» Your task
Whenever a picture appears in the records, exclude it, and transcribe everything else exactly.

---------- Available records ----------

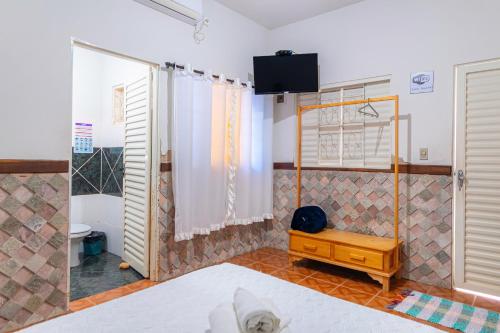 - une chambre avec une douche, un lit et une télévision dans l'établissement Pousada Meia Lua, à Pirenópolis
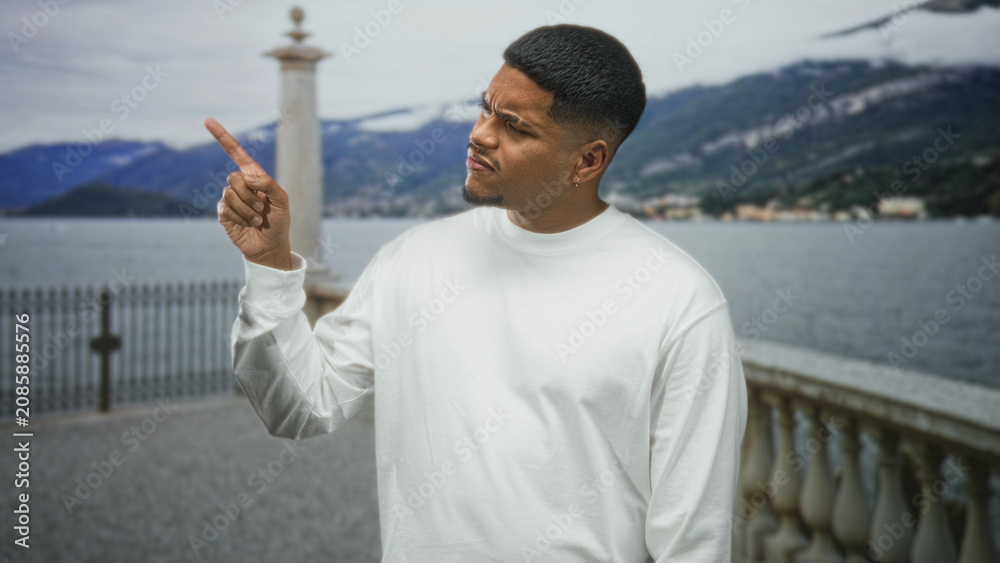 Fototapeta premium Hispanic man with beard in white sweatshirt points index finger upward on a lakeside street by a stone balustrade and iron railing with mountains across the lake; confidence.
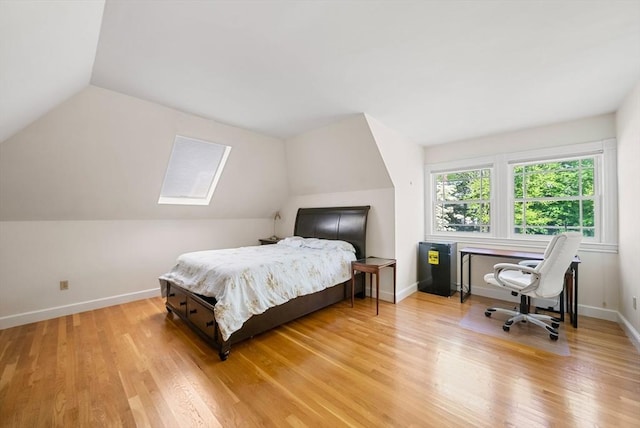 bedroom with lofted ceiling, light wood finished floors, baseboards, and a skylight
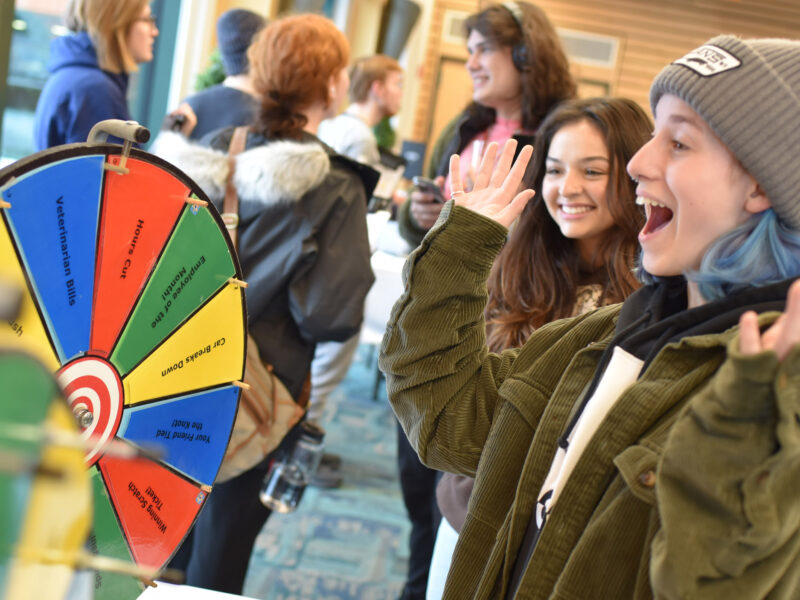 A student in front of a spin-the-wheel game looking very excited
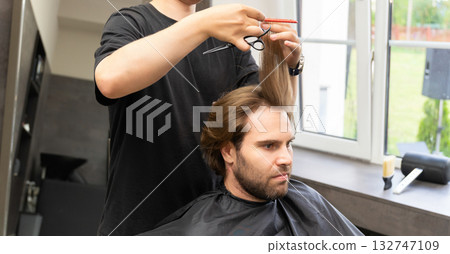 A barber uses scissors and a comb to give a haircut to a male client with long brown hair. 132747109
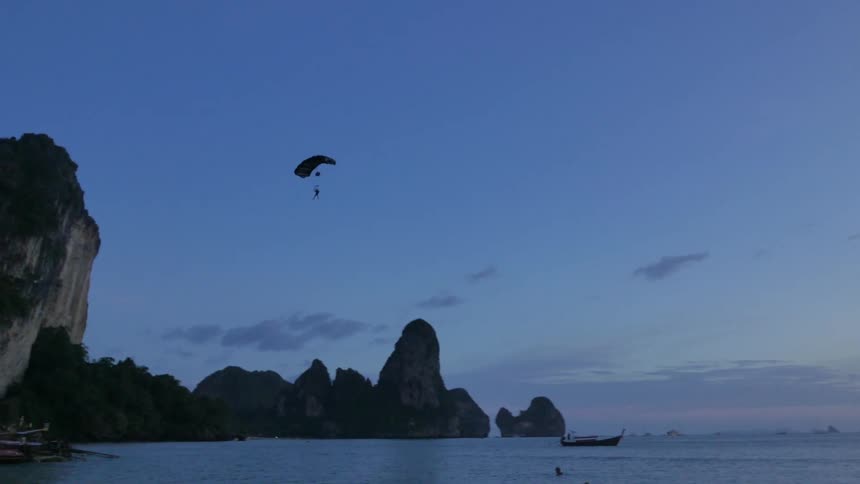 Person parachuting over a body of water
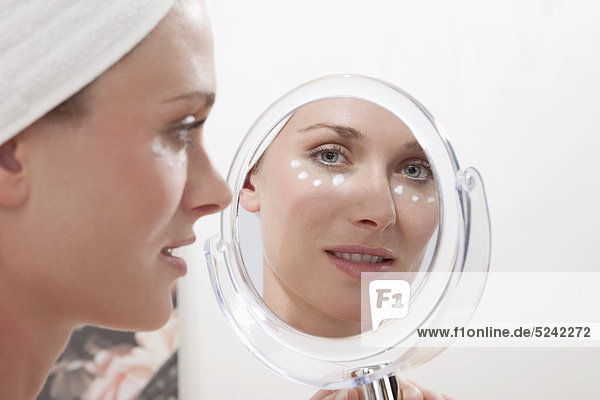 Junge Frau in Handtuch eingewickelt  mit Gesichtscreme und Blick in den Spiegel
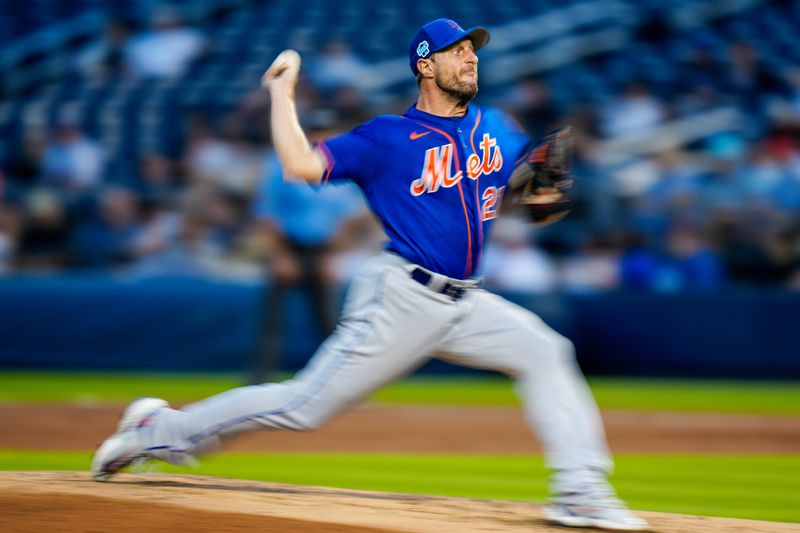 Mar 18, 2023; West Palm Beach, Florida, USA; New York Mets starting pitcher Max Scherzer (21) throws a pitch against the Houston Astros during the third inning at The Ballpark of the Palm Beaches. Mandatory Credit: Rich Storry-USA TODAY Sports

----------

» Completed exercise
 - une chambre avec une douche, un lit et une télévision dans l'établissement Pousada Meia Lua, à Pirenópolis
 Fototapeta premium Hispanic man with beard in white sweatshirt points index finger upward on a lakeside street by a stone balustrade and iron railing with mountains across the lake; confidence.
 bedroom with lofted ceiling, light wood finished floors, baseboards, and a skylight
 A student in front of a spin-the-wheel game looking very excited
 A barber uses scissors and a comb to give a haircut to a male client with long brown hair. 132747109
 Person parachuting over a body of water
 Junge Frau in Handtuch eingewickelt  mit Gesichtscreme und Blick in den Spiegel
 Mar 18, 2023; West Palm Beach, Florida, USA; New York Mets starting pitcher Max Scherzer (21) throws a pitch against the Houston Astros during the third inning at The Ballpark of the Palm Beaches. Mandatory Credit: Rich Storry-USA TODAY Sports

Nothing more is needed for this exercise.